Each one of these hundreds of ways could give you different results. If you test all the possible combinations of groups and only report the significant ones, this is very, very bad practice (see this blog for more information). The best practice is to make a plan of which groups you are interested in before running your analysis, and stick to it. However, when this plan feels arbitrary, you might think to yourself: “surely there must be a more robust way of doing this?” Let’s look at some innovative new options.

Using machine learning algorithms

New methods are being developed to understand whether interventions work on different groups of people. We have recently been exploring machine learning techniques to segment groups. These use algorithms to decide which characteristics best predict how people will respond to an intervention. If you are interested in the details, read more here. But basically, it produces a decision tree, which can be used to work out what works for whom.

Using the data from one of the trials we ran at St Vincent’s Hospital, we have used these machine learning techniques. The trial tested which version of a reminder text message was most effective (eight different reminder text messages were developed using different behavioural insights principles).

The machine learning spits out a decision tree (see below). It should be read from top to bottom with the first number showing what the likely impact is with a specific group[1] and the second number showing what proportion of the sample is made up by that group.

Image not found

The node at the top of the tree shows that the best performing message (Avoided Losses to Hospital) reduces the likelihood of not showing up by 1.7 percentage points. It also shows that if a patient had eight or more appointments, they are 4.8 percentage points more likely miss their appointment if they receive this message compared to people who did not receive the message (the 18 per cent indicates how big a proportion this group is as a proportion of the sample). And if we just look at people under 38, with fewer than eight appointments, there is a large drop in non-attendance if they received the avoided losses to patient message compared to other messages[2].

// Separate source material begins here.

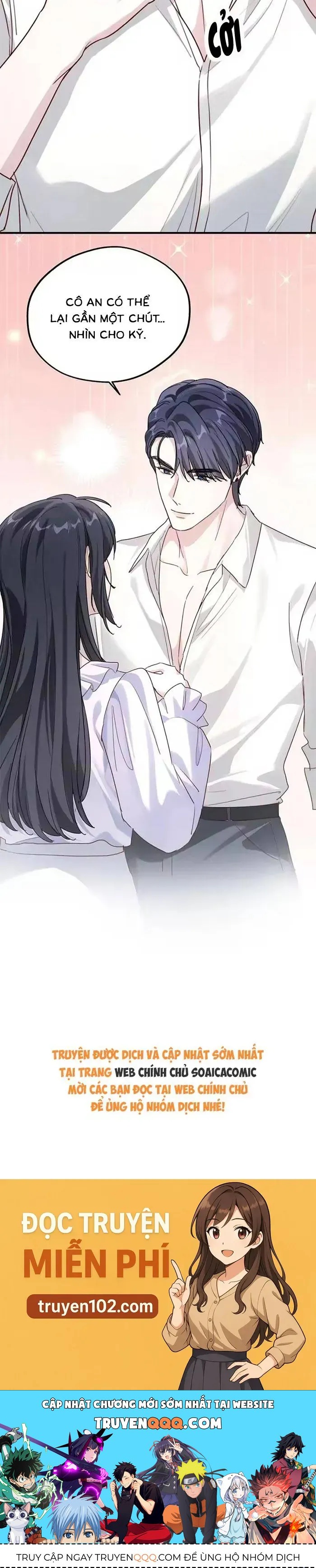 Gả Cho Kẻ Thù Của Người Cũ Sau Trùng Sinh Chương 23 - Trang 28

But what does this mean in real terms? Whenever we report the results from BI trials, we state that even a reduction of half a percentage point could mean thousands more people are turning up for their appointments when an intervention is scaled up. However, when you start to segment populations into smaller and smaller groups, two things happen. Firstly, we can be less certain that the results are not spurious and secondly, the sample of people that the message can be scaled to gets smaller. There are still benefits, but they are likely to be in the hundreds, rather than the thousands.

In short, we need to be cautious about how we interpret these results. It is possible that the results that we got were spurious and won’t be replicable. How we use these results requires judgement and preferably input from those who will be scaling up or refining the intervention.

Turning insight into action

By carefully using data (be it quantitative or qualitative) to understand an issue, we can use it to improve our interventions. However, to do this we need to know what works for whom, and knowing this is tricky. It is important that we don’t forget that while interventions work for most people, often they don’t work for everyone. Working out who would really benefit from your intervention beforehand is the best way of making your interventions as effective as possible.


[1] Negative numbers, such as -0.08 reflect a reduction in people missing appointments by 8 percentage points. Positive numbers, such as 0.048, represent an increase in missed appointments by 4.8 percentage points.

[2] In the group of 1,537 people who had fewer than 7.5 appointments and were under than 38, 19 out of 192 of those who received the message failed to show if they got this message, compared to 245 of 1,345 who received the other messages.